Podophilia is apparently the most common form of fetish. And that's understandable: for what man doesn't - to a greater or lesser degree - desire to touch, kiss, or in some manner modify the feet of his beloved?
(This modification might involve the simple joy of painting toe nails, or the rather more complex procedure of binding that the Chinese practised for many centuries in an attempt to cultivate the golden lotus.)
Clearly, therefore, podophilia very often has an aesthetic component. But it's not always about sex. Indeed, many a masochist wishes for nothing more than to find suprasensual satisfaction at the feet of a woman in submission, with no expectation or desire for a happy ending. We see this illustrated in Lawrence's novella The Ladybird.
Returning home after having been badly injured at the front during the Great War, Basil greets his wife, Daphne, with a mixture of nervousness and a will to worship:
"He suddenly knelt at her feet, and kissed the toe of her slipper, and kissed the instep, and kissed the ankle in the thin black stocking.
... 'I knew if I had to kneel, it was before you. I knew you were divine ... I knew I was your slave. I knew. It has all been just a long initiation. I had to learn how to worship you.'
He kissed her feet again and again, without the slightest self-consciousness, or the slightest misgiving. Then he went back to the sofa, and sat there looking at her, saying:
'It isn't love, it is worship. Love between me and you will be a sacrament, Daphne. That's what I had to learn. You are beyond me. A mystery to me. My God, how great it all is. How marvellous!'"
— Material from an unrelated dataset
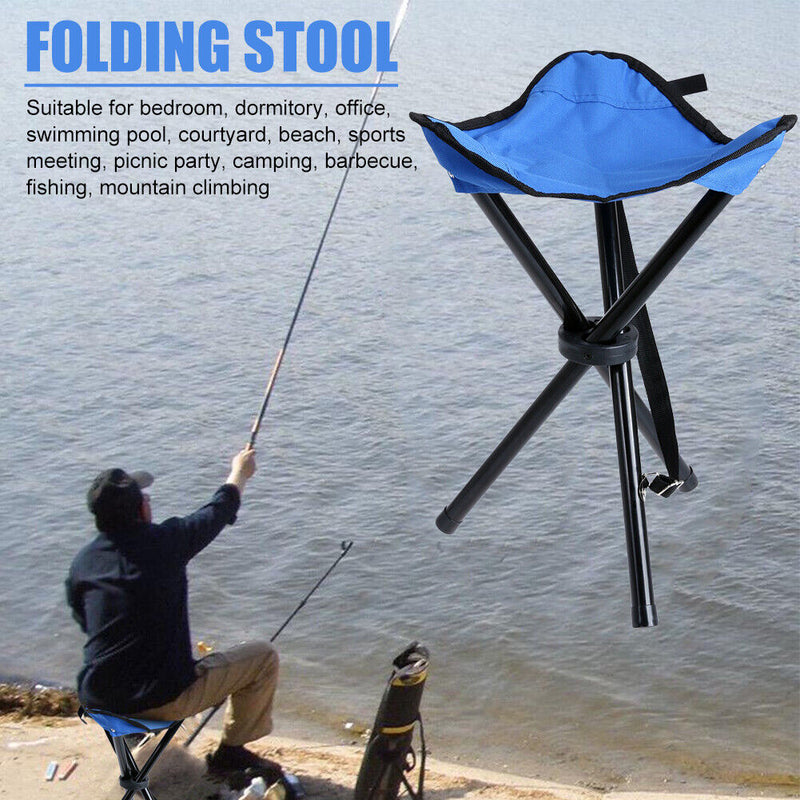 Portable Folding Camping Stool Outdoor Travel Beach Picnic Hiking Fishing Chair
- D. H. Lawrence, The Ladybird, ed. Dieter Mehl, (CUP, 1992), p. 193.
Naturally enough, Daphne was a little frightened and somewhat horrified by this declaration. But she was also a little thrilled and flattered and "really felt she could glow white and fill the universe like the moon", inflated with the grandeur of her own pale power over the man who adored her rather than just amorously desired her. She was ready to assume the pedestal upon which he wished to place her and accept him as her devotee.
But of course, this comes at a price: Daphne gains a worshipper, but loses a husband. For eventually Basil's interest in her as a flesh-and-blood woman fades; the excitement of physical desire leaves him just as he imagines himself closer to her than ever, spiritually speaking.
Ultimately, you can't fuck the one you idealise; to even think of doing so becomes a kind of desecration. And that's the great danger or the transsexual consummation of fetishism, depending on how you view these things.